How to Reheat Frozen Couscous
There are two main ways that you can reheat frozen couscous: the best way, and the microwave. I’m only kidding. The microwave method is also a good method, especially if you’re a bit short on time. But my personal favorite method is by frying it on the stove. It serves to both reheat it but also rejuvenates it with a bit of added flavor as well.

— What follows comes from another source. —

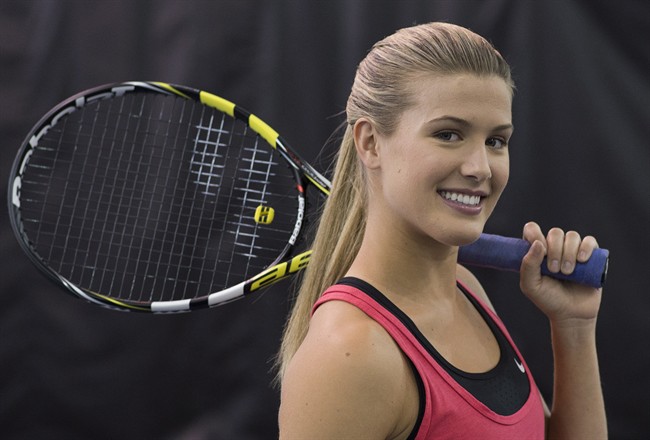 Canadian tennis player Eugenie Bouchard poses for a photograph in Montreal, Sunday, December 22, 2013. Bouchard has won the Bobbie Rosenfeld Award as Canada's female athlete of the year. THE CANADIAN PRESS/Graham Hughes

This is how you do it.
- Add a small drizzle of oil and a couple of tablespoons of water to a non-stick frying pan or saucepan and turn to medium heat.
- Add the frozen couscous and stir, breaking up any clumps that may have formed.
- Continue to stir the couscous until the water is absorbed.
- Remove from the heat and fluff with a fork.
- Add any extra ingredients or spices and it’s ready to go!
Reheating Couscous in the Microwave
This is a super simple and convenient method to reheat your frozen couscous.
- Put the couscous into a microwave-safe container.
- Add 2-3 tablespoons of water and put it in the microwave on high heat for one-minute increments. Fluff it up with a fork after each minute.
- It’s ready when you see steam coming from it.